Let \(a\) be the sum of all coefficients in the expansion of \(\left(1-2 x+2 x^{2}\right)^{2023}\left(3-4 x^{2}+2 x^{3}\right)^{2024}\) and \(b=\lim\limits _{\mathrm{x} \rightarrow 0}\left(\frac{\int_{0}^{\mathrm{x}} \frac{\log (1+\mathrm{t})}{\mathrm{t}^{2024}+1} \mathrm{dt}}{\mathrm{x}^{2}}\right)\).

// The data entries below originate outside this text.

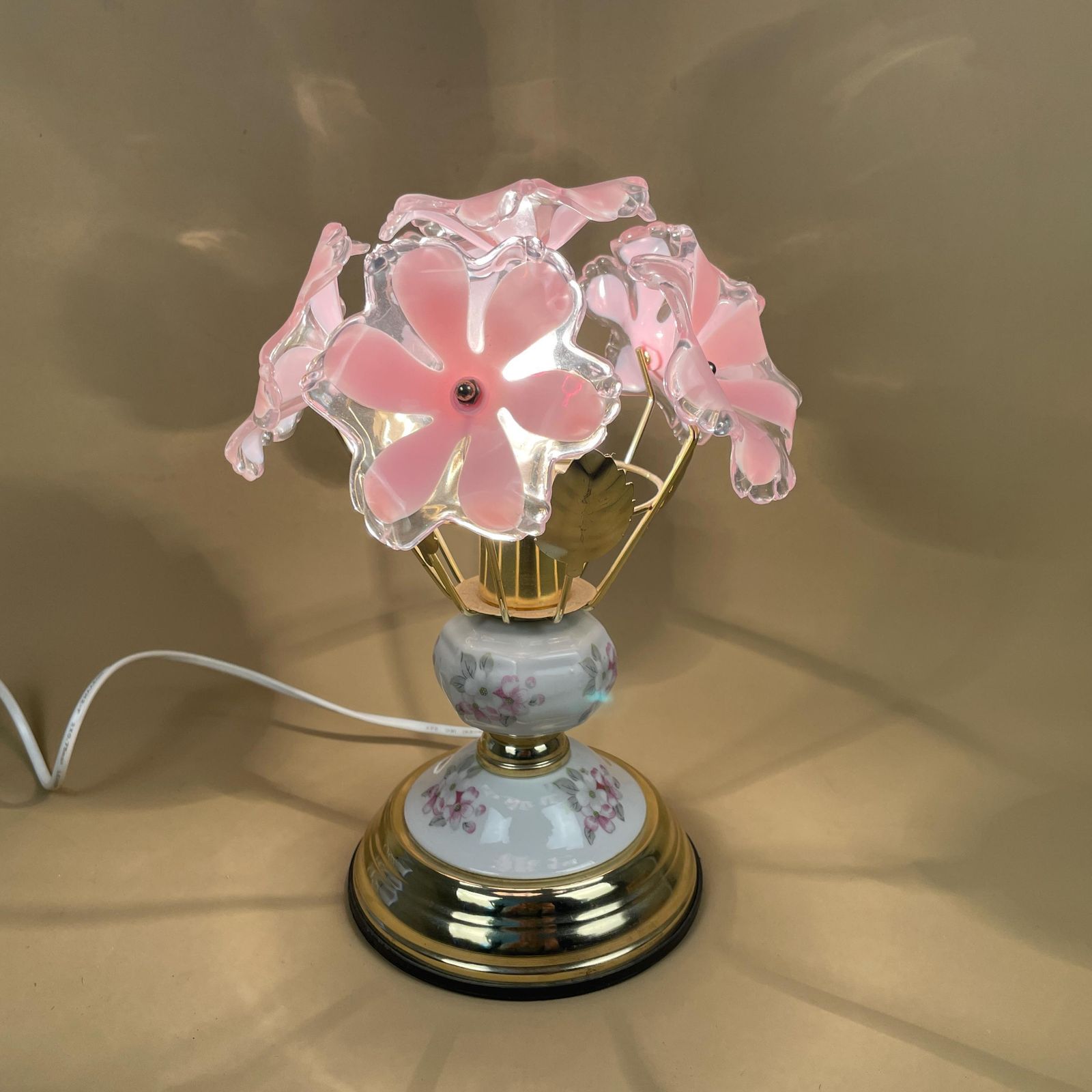 Vintage Gold Lamp Pink Glass 3d Floral Pattern Shades Table Lamp Ornate Intricate Detail Metal Side Light Ceramic Base Flowers Brass photo Lighting
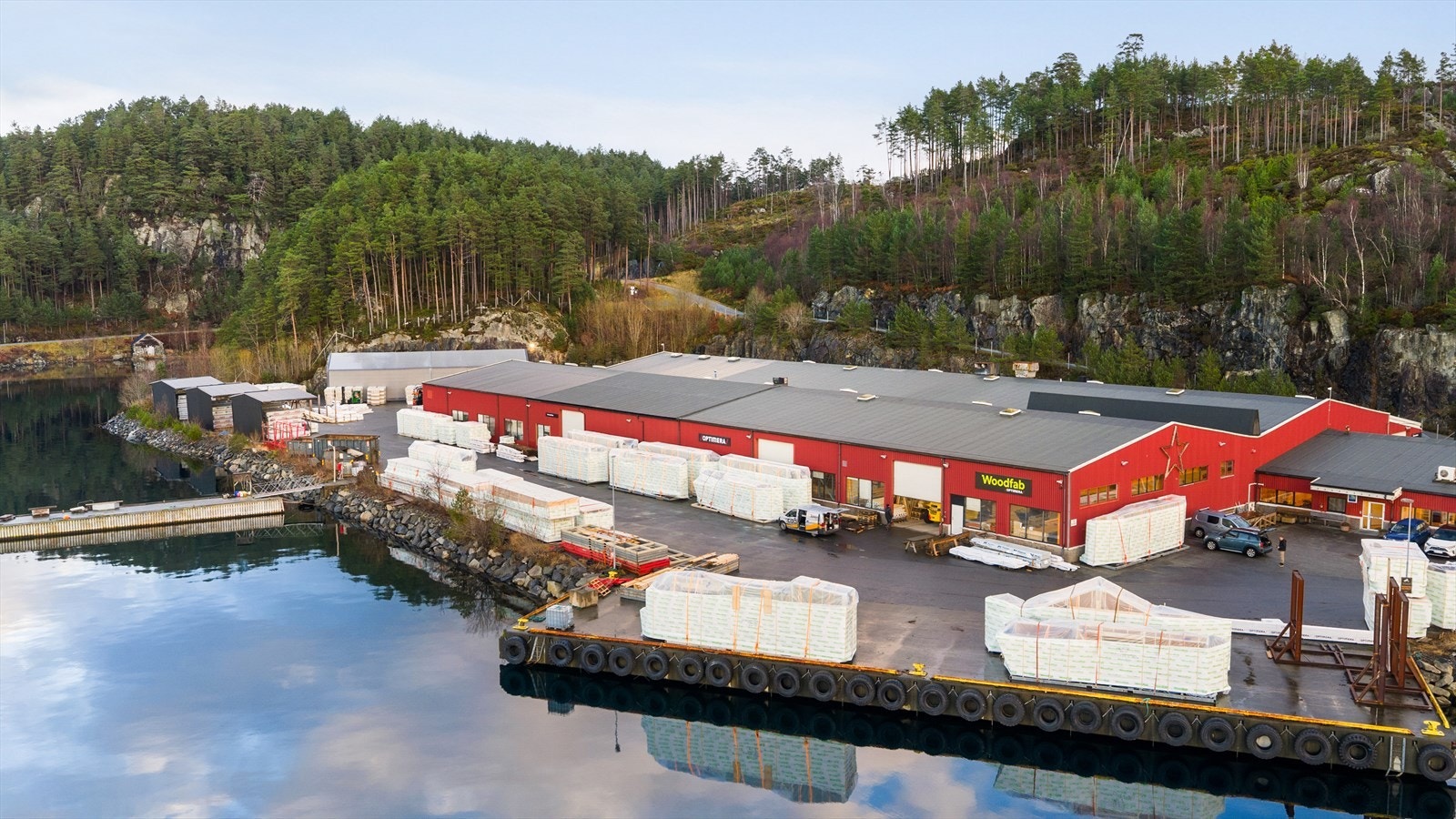 Industrieiendom med svært gode fasiliteter Galleribilde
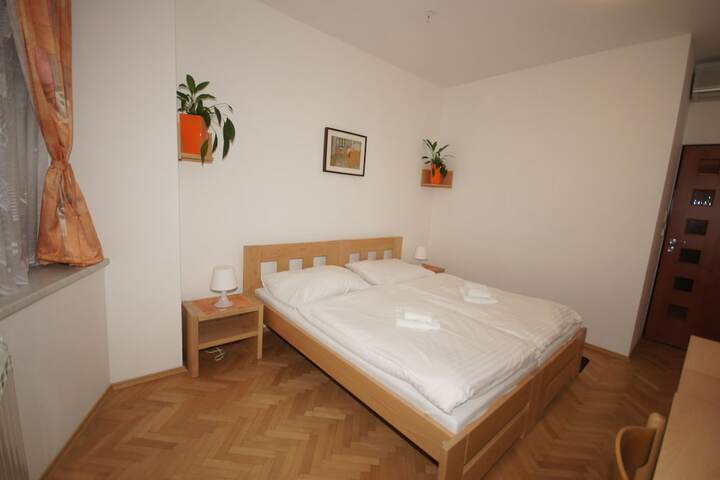 Room 3 of 38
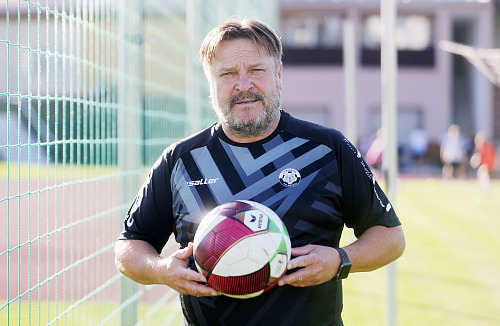 Bývalý sparťanský záložník a reprezentant, vicemistr Evropy Martin Frýdek od...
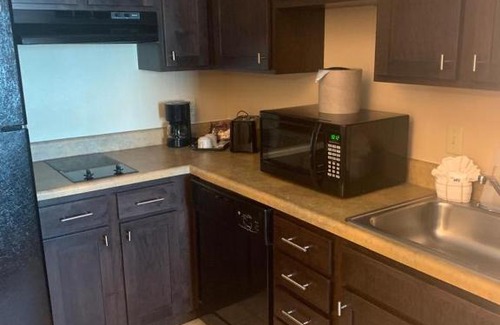 Florida Central Atlantic Coast Apartment | Great Location - One spacious suite located in a condotel few minutes away rom Disney World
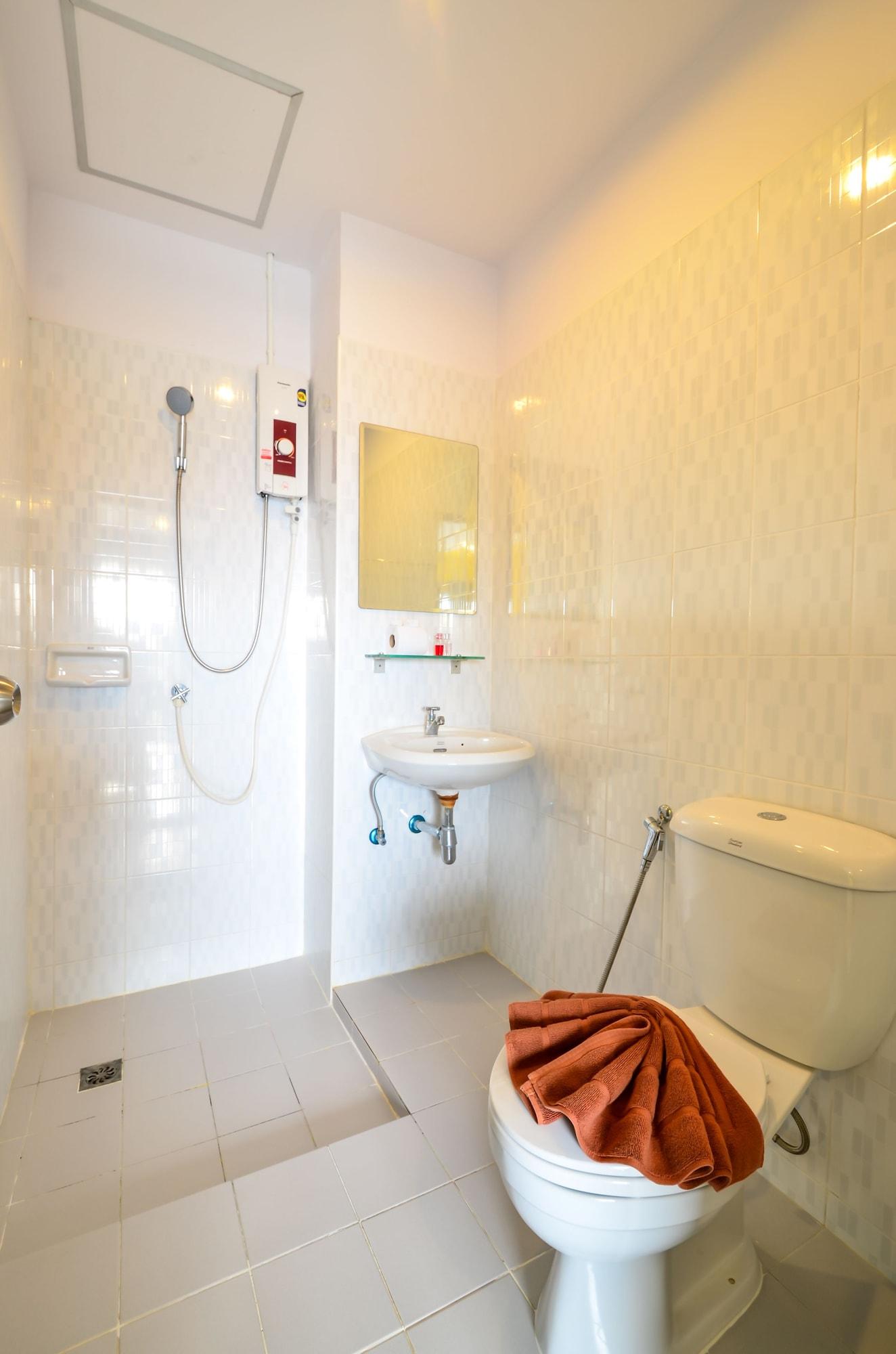 Hotel Two Color Patong Extérieur photo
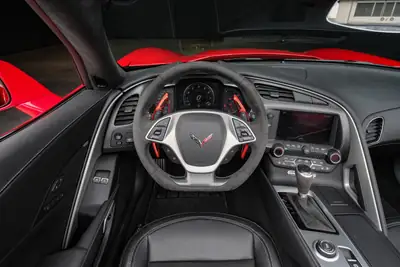 Chevrolet Corvette Convertible Grand Sport — Légende américaine, moteur V8 466 ch, 9400 km seulement — Miniature 15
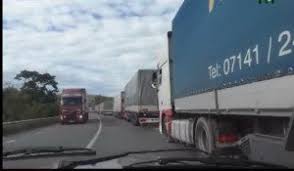 Ситуація з чергою вантажівок перед пунктом пропуску «Ужгород» залишається напруженою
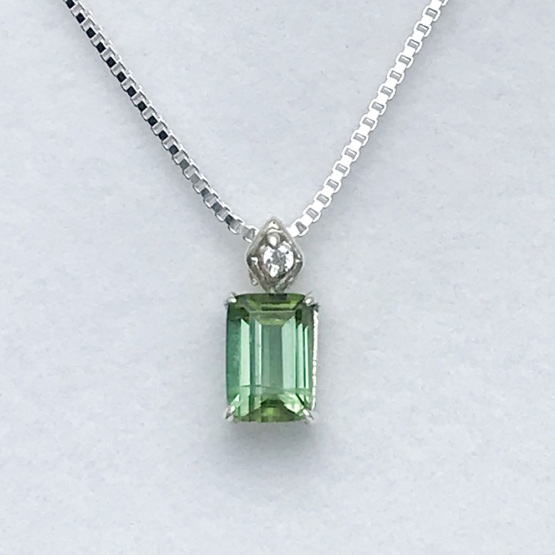 Faceted green tourmaline pendant necklace for girls – Fine green tourmaline pendant necklace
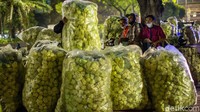 Pedagang menjajakan kulit ketupat di jalan Daan Mogot, Cengkareng, Jakarta, Senin (10/5/2021) malam.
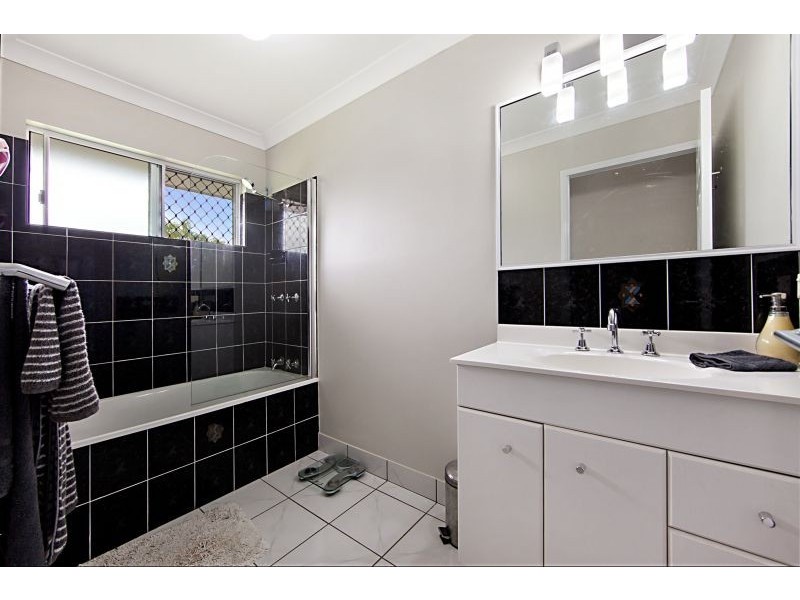 2 St Michael Court, Rangewood QLD 4817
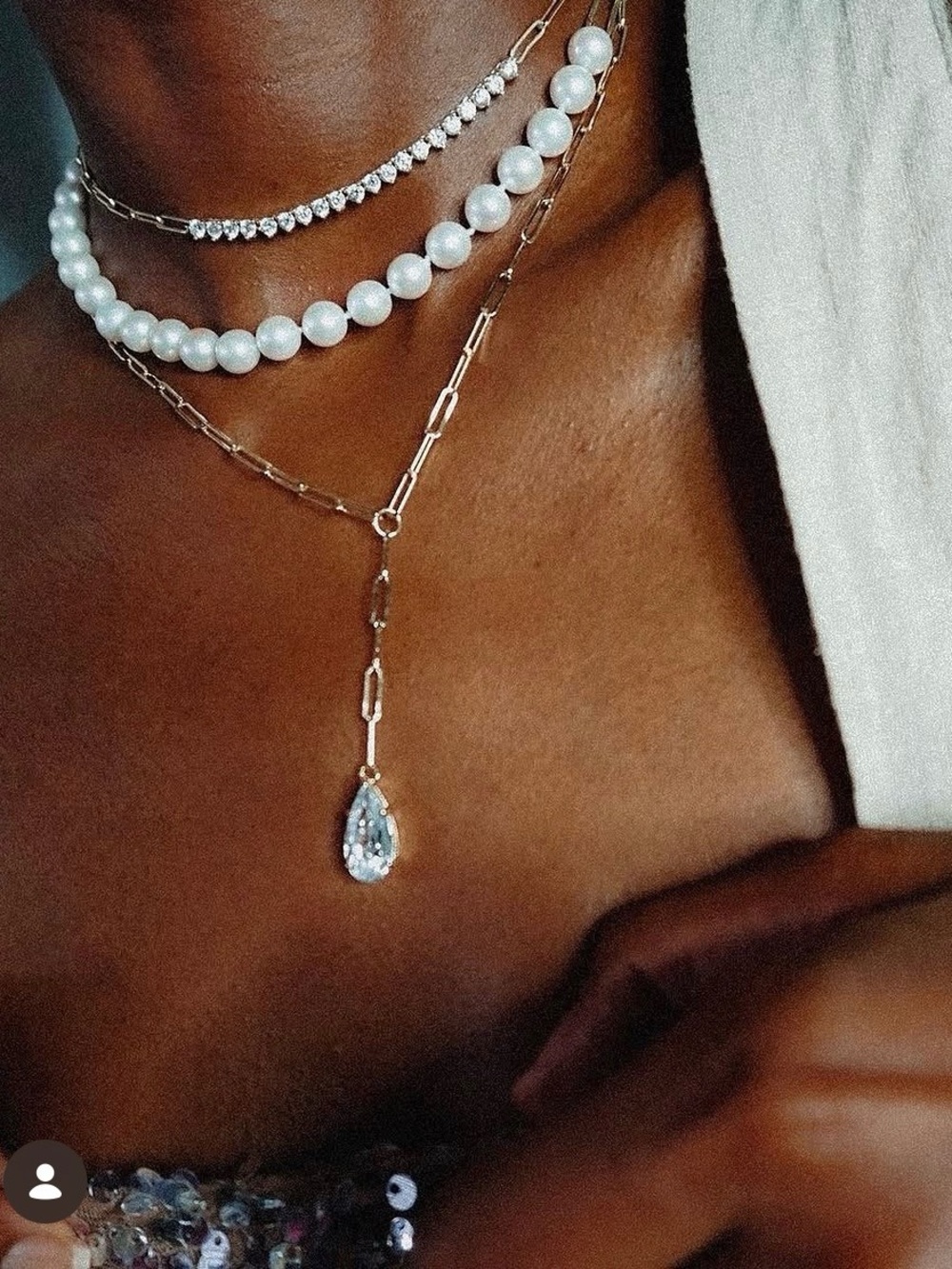 Melinda Maria Baby Samantha Teardrop Lariat Gold - Picture 2 of 5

If the equations \(\mathrm{cx}^{2}+\mathrm{dx}+\mathrm{e}=0\) and \(2 \mathrm{bx}^{2}+\mathrm{ax}+4=0\) have \(\mathrm{a}\) common root, where \(\mathrm {c, d, e} \in \mathrm{R}\), then \(\mathrm {d : c : e}\) equals

(1) \(2: 1: 4\)

(2) \(4: 1: 4\)

(3) \(1: 2: 4\)

(4) \(1: 1: 4\)

Answer 1

Correct option is (4) \(1: 1: 4\)

Put \(\mathrm{x}=1\)

\(\therefore \mathrm{a}=1\)

\(b=\lim\limits _{\mathrm{x} \rightarrow 0} \frac{\int_{0}^{\mathrm{x}} \frac{\ln (1+\mathrm{t})}{1+\mathrm{t}^{2024}} \mathrm{dt}}{\mathrm{x}^{2}}\)

Using L' HOPITAL Rule

\(\mathrm{b}=\lim\limits _{\mathrm{x} \rightarrow 0} \frac{\ln (1+\mathrm{x})}{\left(1+\mathrm{x}^{2024}\right)} \times \frac{1}{2 \mathrm{x}}=\frac{1}{2}\)

Now, 

\(\mathrm{cx}^{2}+\mathrm{dx}+\mathrm{e}=0, \mathrm{x}^{2}+\mathrm{x}+4=0\)

\((\mathrm{D}<0)\)

\(\therefore \frac{\mathrm{c}}{1}=\frac{\mathrm{d}}{1}=\frac{\mathrm{e}}{4}\)